EXERCISE INSTRUCTIONS. Retype exactly what appears below from the line containing "- Grădina 2021 continuare 2" down to the line containing "S15 lol 决赛中心", keeping both end lines. Do not include pictures.

AVAILABLE DATA.
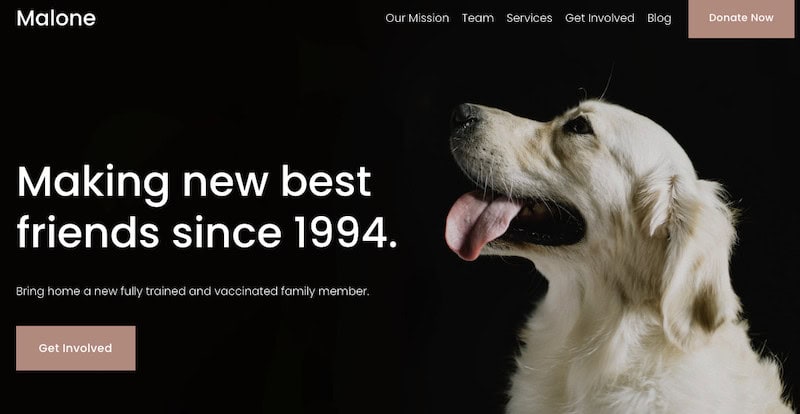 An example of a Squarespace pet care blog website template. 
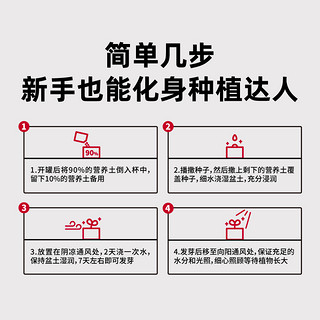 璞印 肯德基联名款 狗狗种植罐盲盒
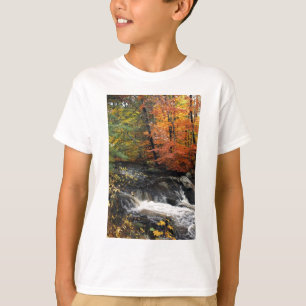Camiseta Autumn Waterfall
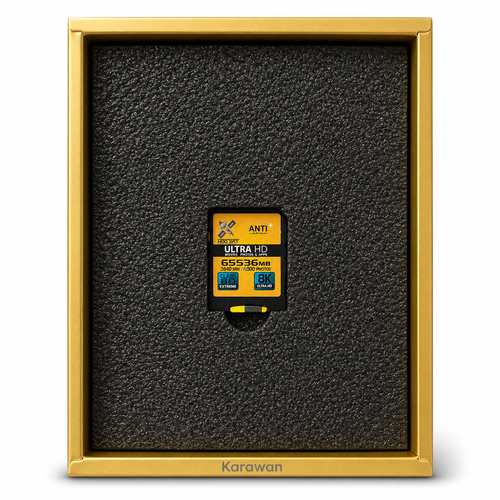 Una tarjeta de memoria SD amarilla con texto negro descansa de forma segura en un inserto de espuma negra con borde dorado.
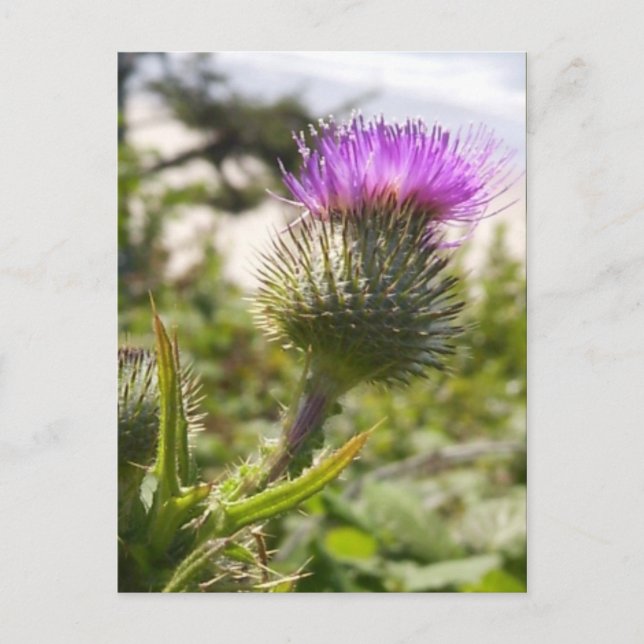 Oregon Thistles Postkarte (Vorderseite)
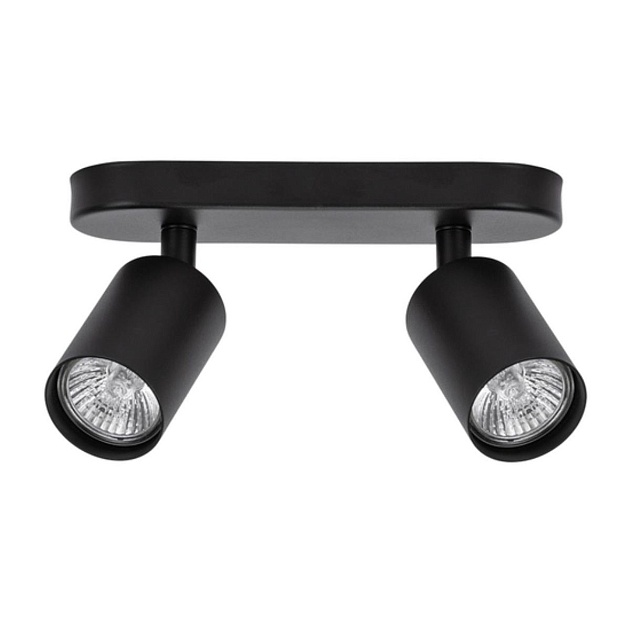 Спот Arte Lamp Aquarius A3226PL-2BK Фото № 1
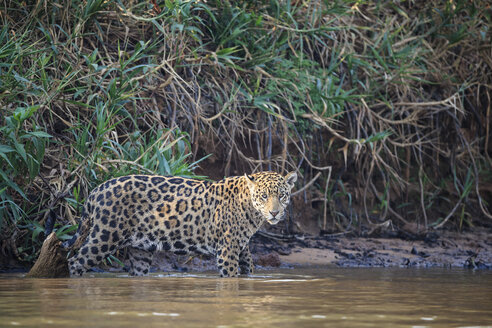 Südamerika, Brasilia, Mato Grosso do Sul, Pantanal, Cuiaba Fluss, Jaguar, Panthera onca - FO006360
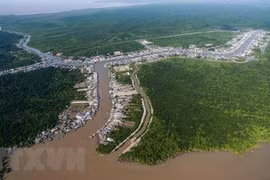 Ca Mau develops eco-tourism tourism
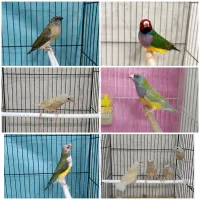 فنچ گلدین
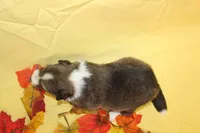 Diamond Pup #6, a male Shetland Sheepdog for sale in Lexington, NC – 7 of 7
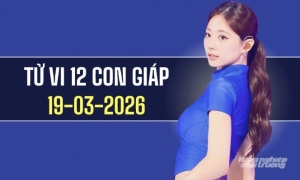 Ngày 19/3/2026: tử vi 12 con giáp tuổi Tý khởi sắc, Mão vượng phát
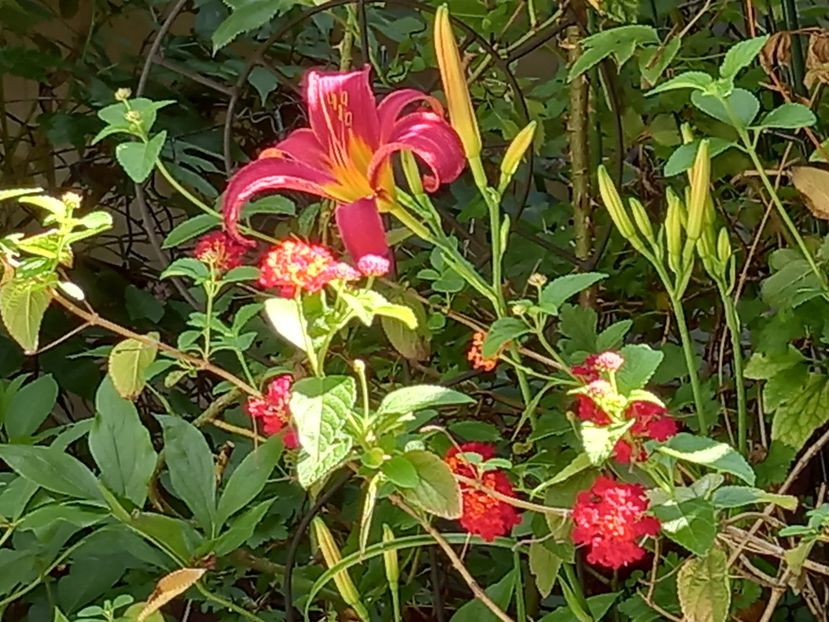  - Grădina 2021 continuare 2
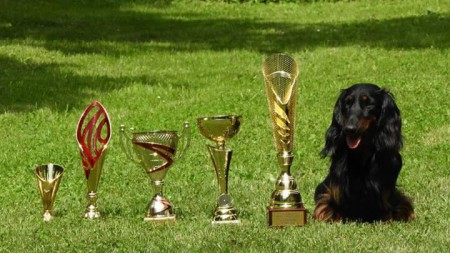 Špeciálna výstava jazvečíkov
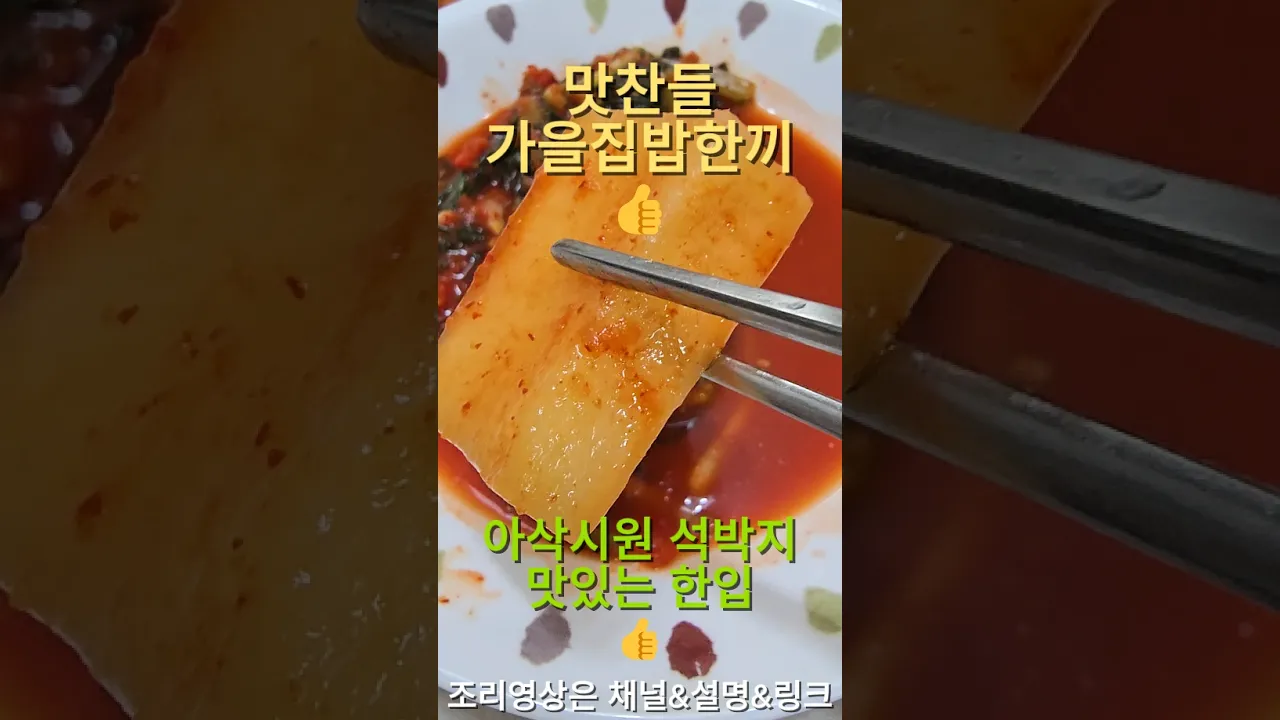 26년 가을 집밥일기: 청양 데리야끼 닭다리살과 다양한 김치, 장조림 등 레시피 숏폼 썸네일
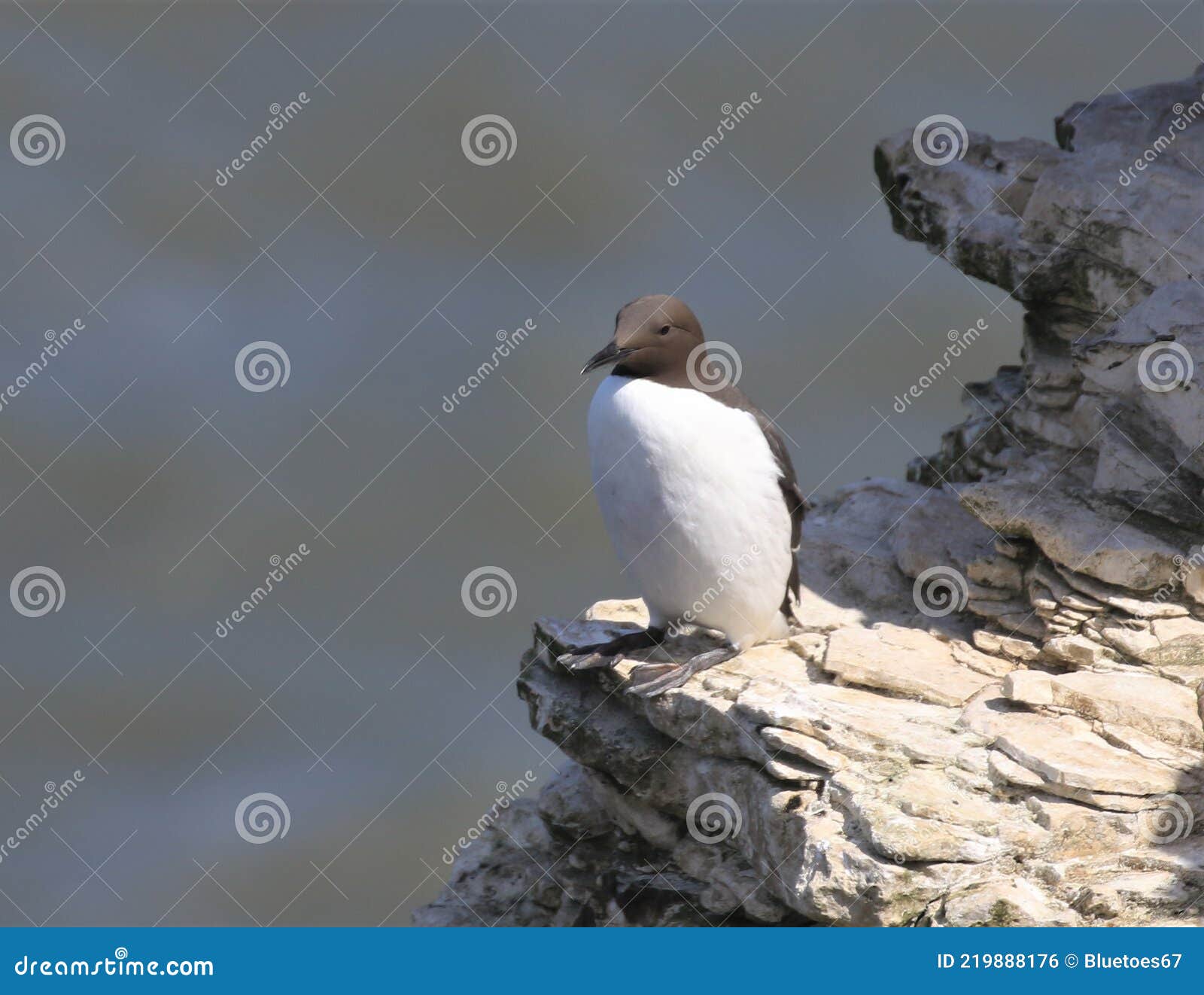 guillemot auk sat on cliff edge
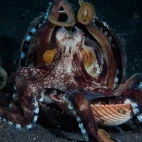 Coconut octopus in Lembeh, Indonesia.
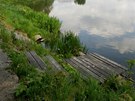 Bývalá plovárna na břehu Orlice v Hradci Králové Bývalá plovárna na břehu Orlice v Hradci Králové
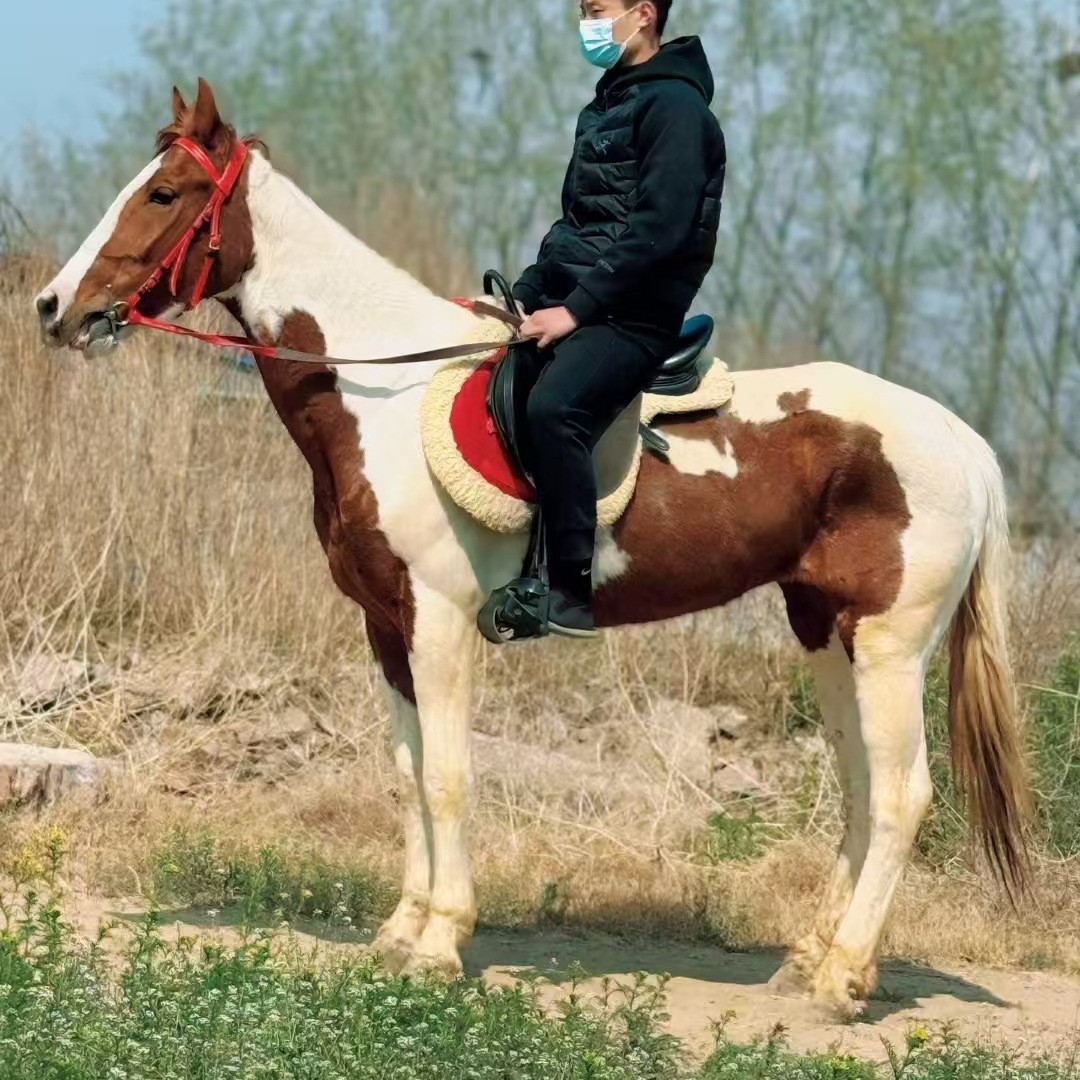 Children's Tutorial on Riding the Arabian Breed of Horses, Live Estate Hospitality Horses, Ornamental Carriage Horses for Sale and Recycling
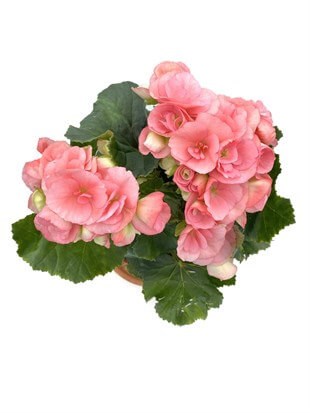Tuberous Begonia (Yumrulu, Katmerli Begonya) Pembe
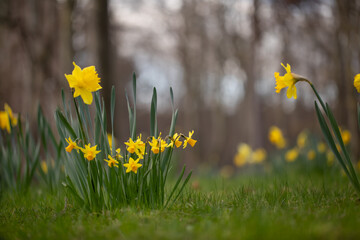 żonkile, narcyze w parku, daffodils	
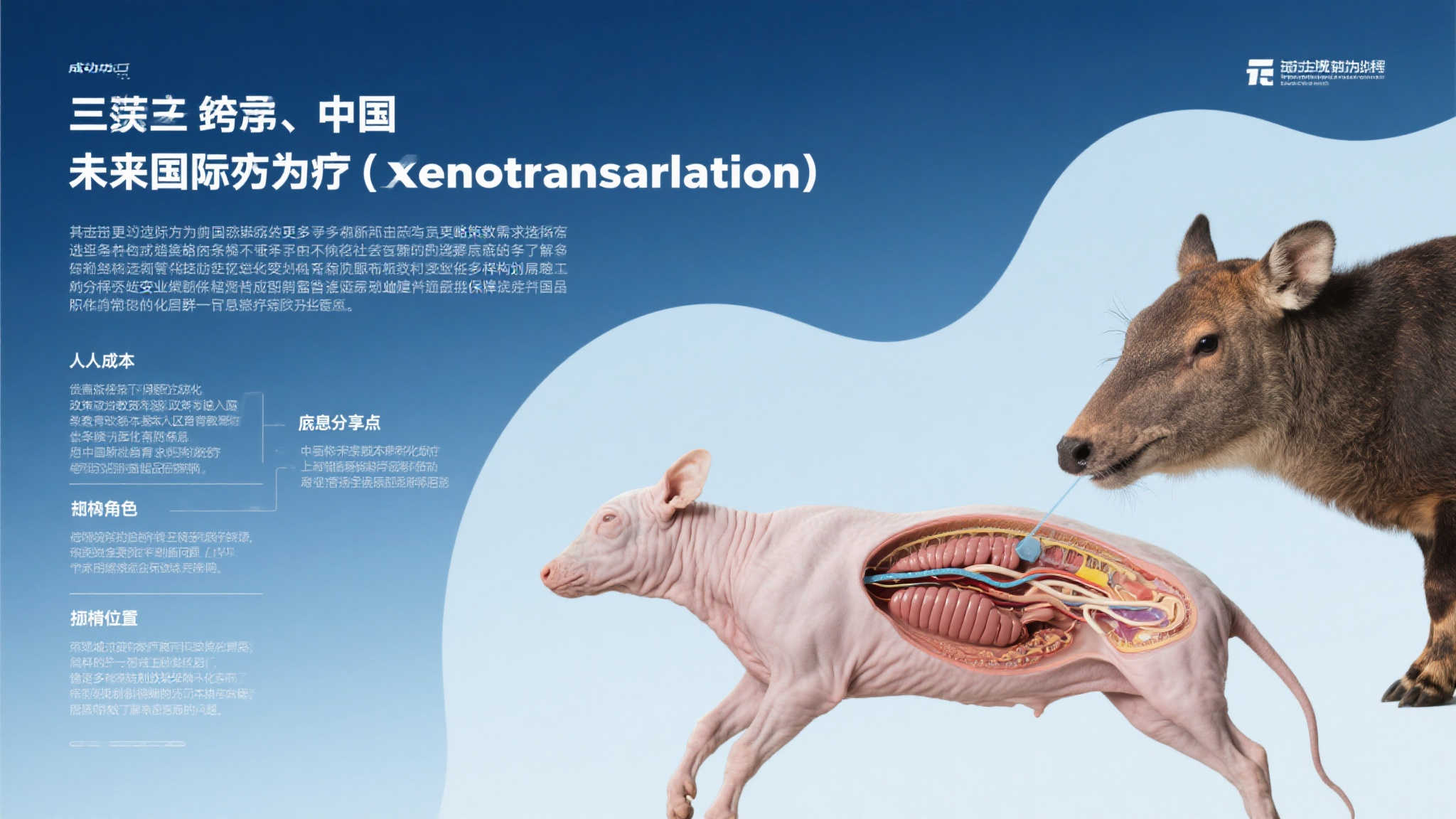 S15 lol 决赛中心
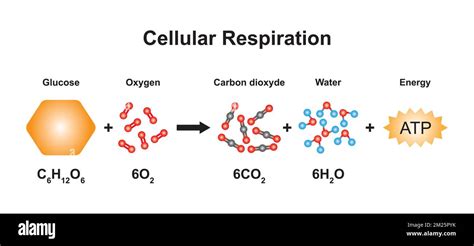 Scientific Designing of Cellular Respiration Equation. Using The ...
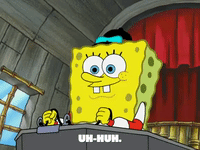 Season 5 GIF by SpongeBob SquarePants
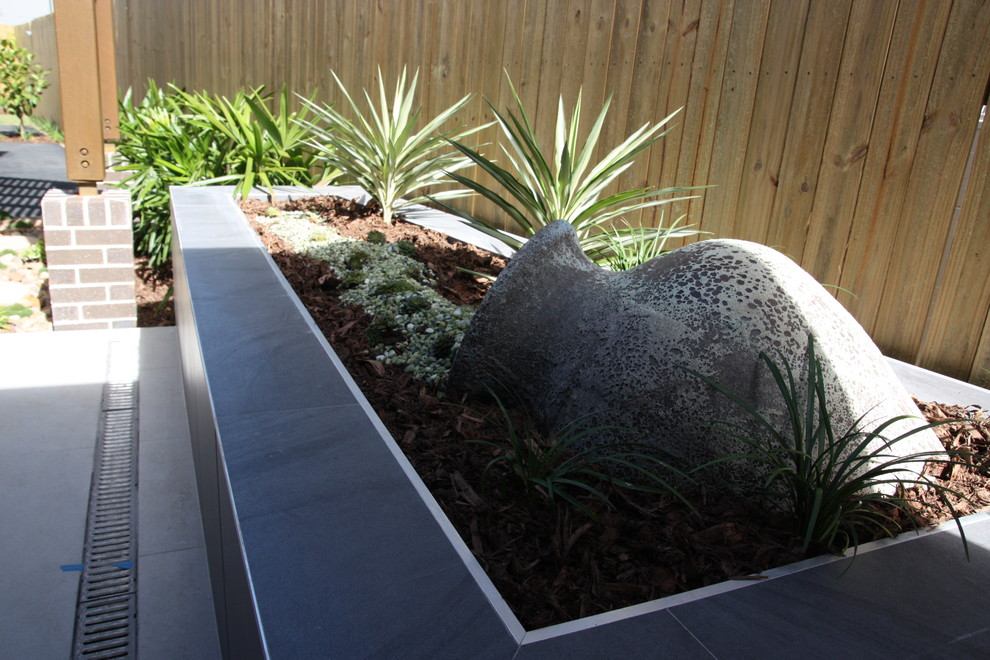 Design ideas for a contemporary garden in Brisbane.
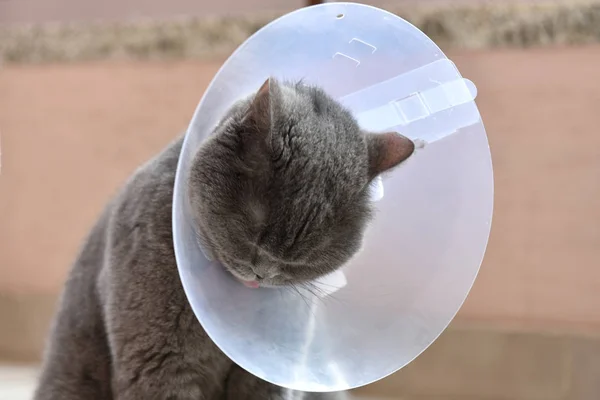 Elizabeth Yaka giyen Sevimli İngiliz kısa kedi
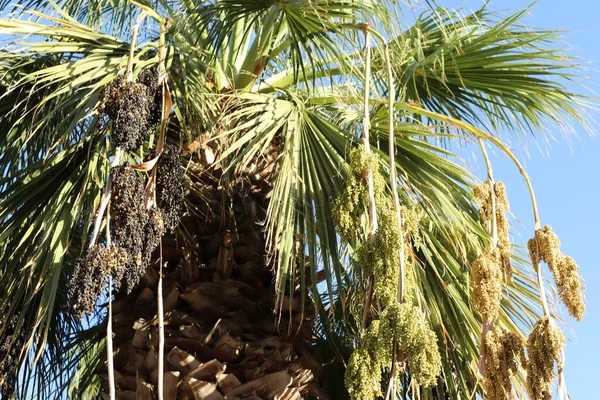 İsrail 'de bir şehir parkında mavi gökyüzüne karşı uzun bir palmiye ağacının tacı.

RESPONSE AREA.
  - Grădina 2021 continuare 2
 Špeciálna výstava jazvečíkov
 26년 가을 집밥일기: 청양 데리야끼 닭다리살과 다양한 김치, 장조림 등 레시피 숏폼 썸네일
 guillemot auk sat on cliff edge
 Coconut octopus in Lembeh, Indonesia.
 Bývalá plovárna na břehu Orlice v Hradci Králové Bývalá plovárna na břehu Orlice v Hradci Králové
 Children's Tutorial on Riding the Arabian Breed of Horses, Live Estate Hospitality Horses, Ornamental Carriage Horses for Sale and Recycling
Tuberous Begonia (Yumrulu, Katmerli Begonya) Pembe
 żonkile, narcyze w parku, daffodils	
 S15 lol 决赛中心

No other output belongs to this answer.